How to find $\frac{dy}{dx}$ using implicit differentiation?

Differentiate both sides of the equation with respect to x, remembering the chain rule for terms involving y. Then, solve for $\frac{dy}{dx}$ .

What is the general form of an ellipse centered at the origin?

$\frac{x^2}{a^2} + \frac{y^2}{b^2} = 1$

If $x^2 + y^2 = r^2$ , what is $\frac{dy}{dx}$ ?

$\frac{dy}{dx} = -\frac{x}{y}$

If $x^2 + 4y^2 = 16$ , what is y in terms of x?

$y = \pm \frac{1}{2}\sqrt{16 - x^2}$

What is the formula for the slope of a tangent line?

$m = \frac{dy}{dx}$

What is the general formula for implicit differentiation?

$\frac{d}{dx}f(x,y) = \frac{\partial f}{\partial x} + \frac{\partial f}{\partial y} \frac{dy}{dx}$

What is the formula for the derivative of $y^n$ with respect to x?

$\frac{d}{dx}(y^n) = ny^{n-1} \frac{dy}{dx}$

What is the equation for the tangent line at a point $(x_0, y_0)$ ?

$y - y_0 = \frac{dy}{dx}|_{(x_0, y_0)} (x - x_0)$

What is the formula to solve for y in the equation $x^2 + y^2 = 1$ ?

$y = \pm \sqrt{1-x^2}$

What is an implicitly defined function?

An equation where x and y are related, but y is not explicitly isolated.

What is an explicit function?

A function where y is isolated on one side of the equation, expressed directly in terms of x.

Define the slope of a curve at a point.

The rate of change of y with respect to x (dy/dx) at that point, representing the tangent line's steepness.

What is a horizontal interval on a graph?

An interval where the rate of change of x with respect to y is zero (dx/dy = 0), resulting in a slope of zero.

What is a vertical interval on a graph?

An interval where the rate of change of y with respect to x is undefined, resulting in an undefined slope.

What does 'solving for y' mean in the context of implicit functions?

Isolating y in terms of x, which may result in one or more explicit functions representing parts of the original implicit relation.

Define the domain of an implicitly defined function.

The set of all possible x-values for which the function is defined.

Define the range of an implicitly defined function.

The set of all possible y-values that the function can take.

What is implicit differentiation?

A method used to find the derivative of an implicitly defined function by differentiating both sides of the equation with respect to x, treating y as a function of x.

What is the relationship between the graph of an implicitly defined function and the equation?

The graph is the set of all ordered pairs (x, y) that satisfy the equation.

What does a positive slope on the graph of an implicit function indicate?

As x increases, y also increases.
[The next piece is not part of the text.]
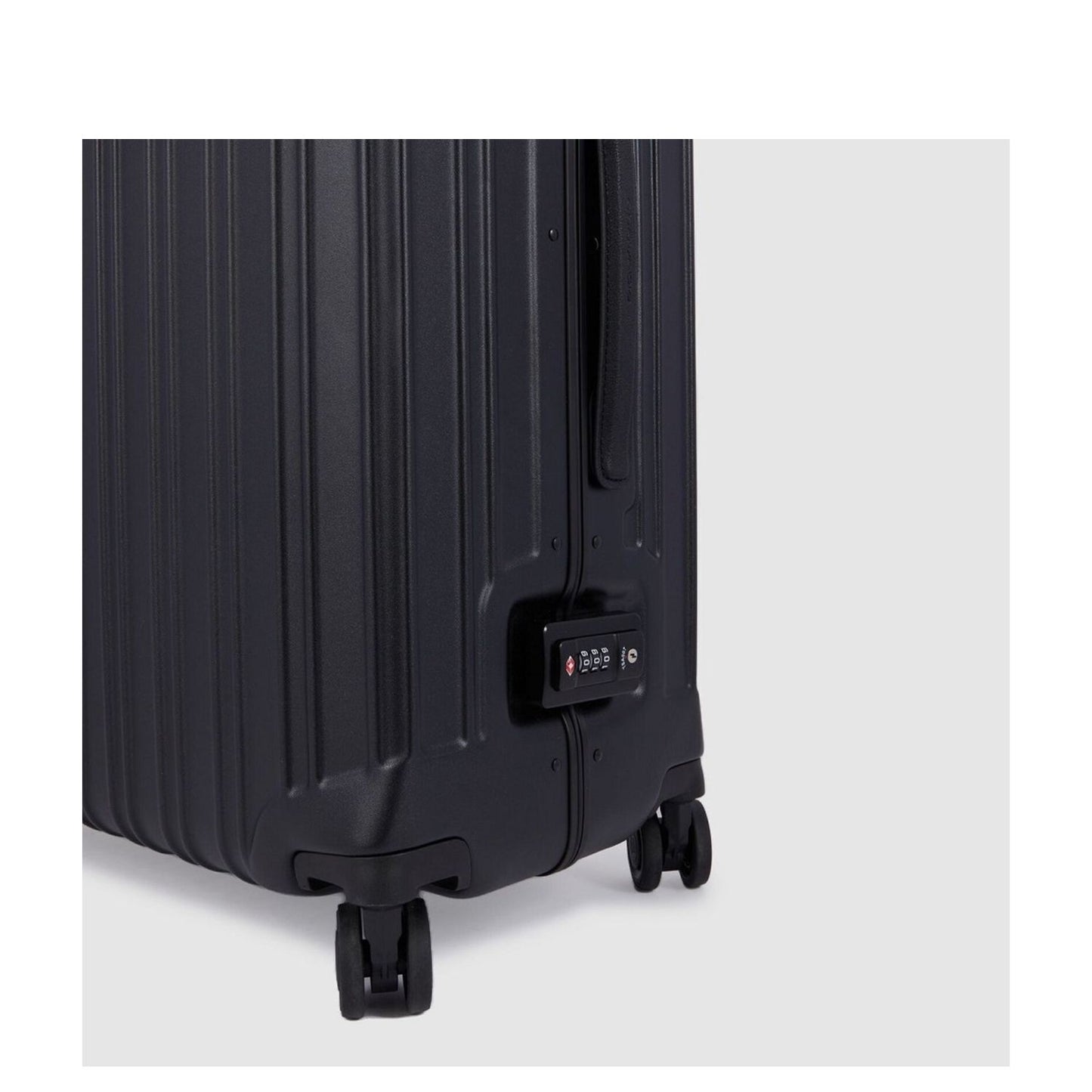 Piquadro PQ Light Frame Medium Spinner 68 matte black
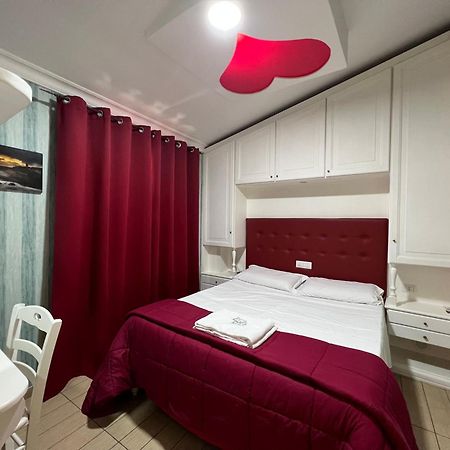 Hotel Tiffany Varcaturo Extérieur photo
The function is increasing at that point.

What does a negative slope on the graph of an implicit function indicate?

As x increases, y decreases. The function is decreasing at that point.
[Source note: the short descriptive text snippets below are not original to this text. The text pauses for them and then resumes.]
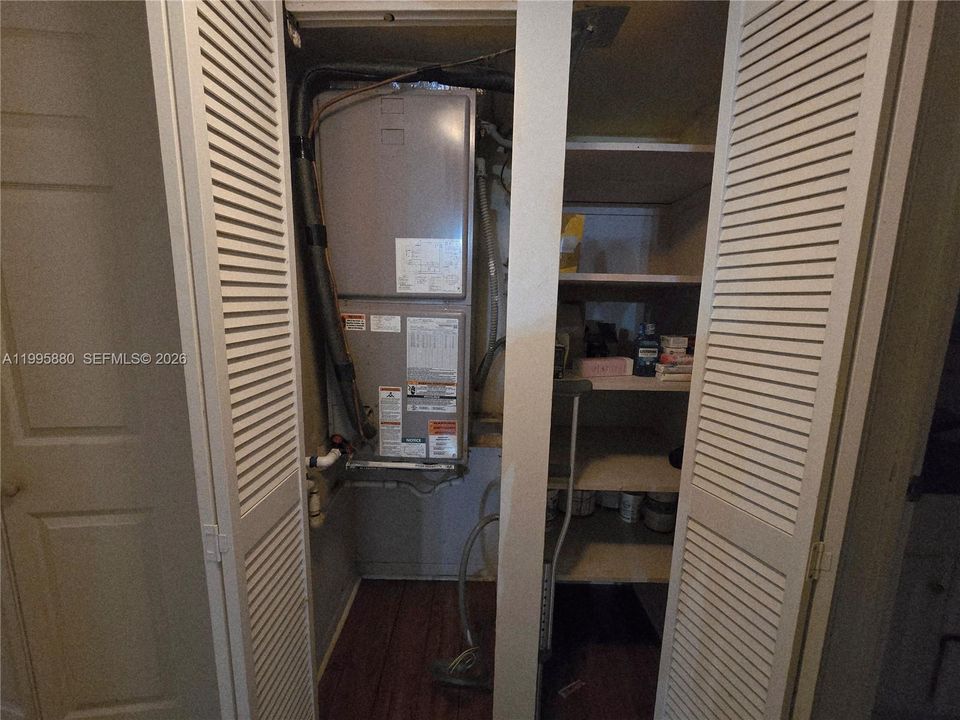 Под контрактом: $169,900 (1 спален, 1 ванн, 900 Квадратных фут)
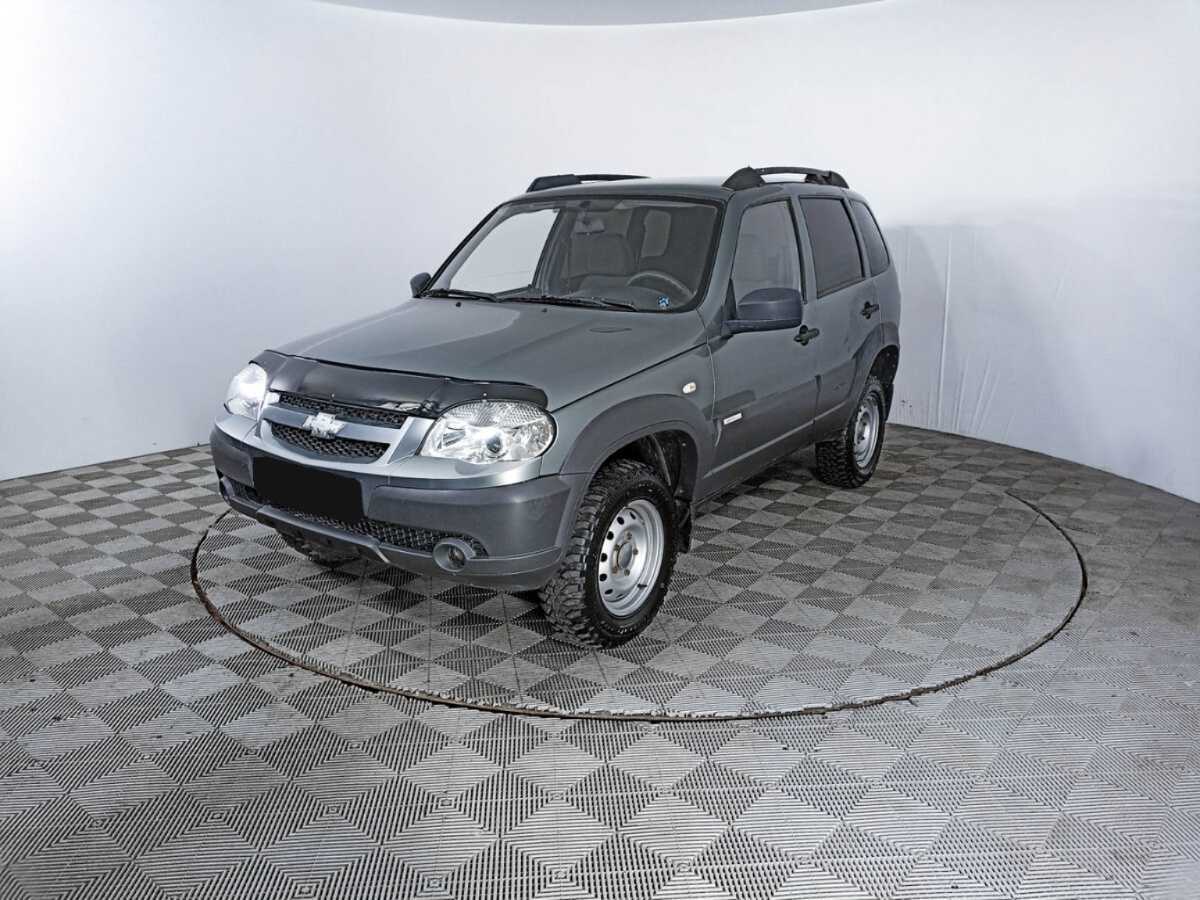 Chevrolet Niva 2012 года с пробегом. Посмотреть фото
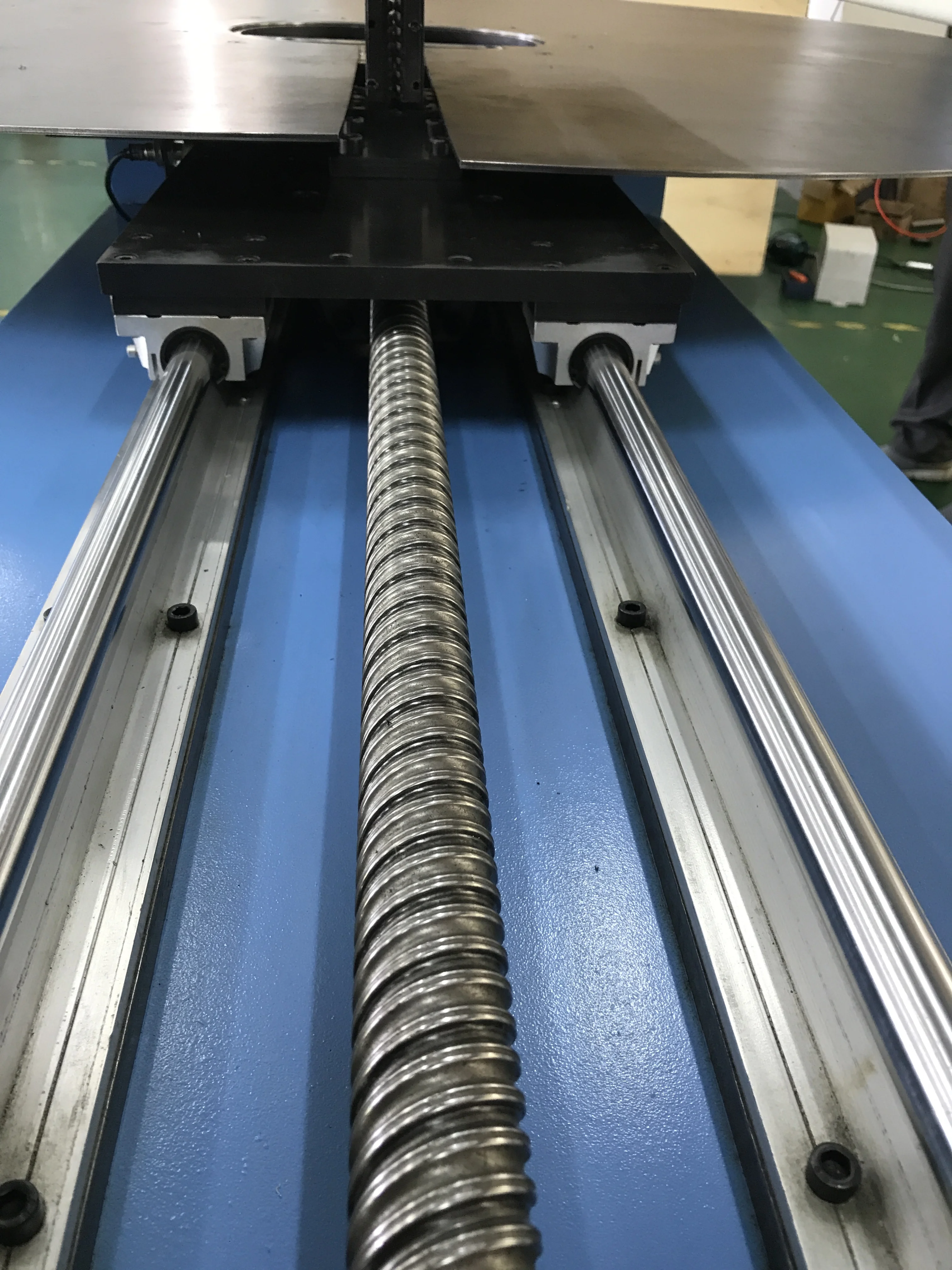 BOBO Machine serpentine tube bending machine shown in a detail photo for this news article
What does a horizontal tangent line on the graph of an implicit function indicate?

The derivative is zero, indicating a local maximum, local minimum, or a point of inflection.

What does a vertical tangent line on the graph of an implicit function indicate?
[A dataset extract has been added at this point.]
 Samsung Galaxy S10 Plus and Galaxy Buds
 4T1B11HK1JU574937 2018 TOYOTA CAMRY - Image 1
The derivative is undefined, often indicating a cusp or a sharp turn in the graph.

How can you visually identify the domain and range of an implicit function from its graph?

Domain: the set of all x-values covered by the graph. Range: the set of all y-values covered by the graph.

How does the symmetry of the graph relate to the implicit equation?

If replacing x with -x or y with -y leaves the equation unchanged, the graph has symmetry about the y-axis or x-axis, respectively.

What does the concavity of the graph tell us about the second derivative?

Concave up: second derivative is positive. Concave down: second derivative is negative.

How do you find the intervals where the function is increasing or decreasing from the graph?

Increasing: the graph has a positive slope. Decreasing: the graph has a negative slope.

What can you infer from the graph if the implicit function is periodic?

The function repeats its values in regular intervals. This can be confirmed by checking if $f(x+T) = f(x)$ for some constant T.

How does the graph of $x^2+y^2=r^2$ relate to its derivative?

The graph is a circle. The derivative gives the slope of the tangent line at any point on the circle. The slope will be undefined at $x = \pm r$ , and zero at $y = \pm r$ .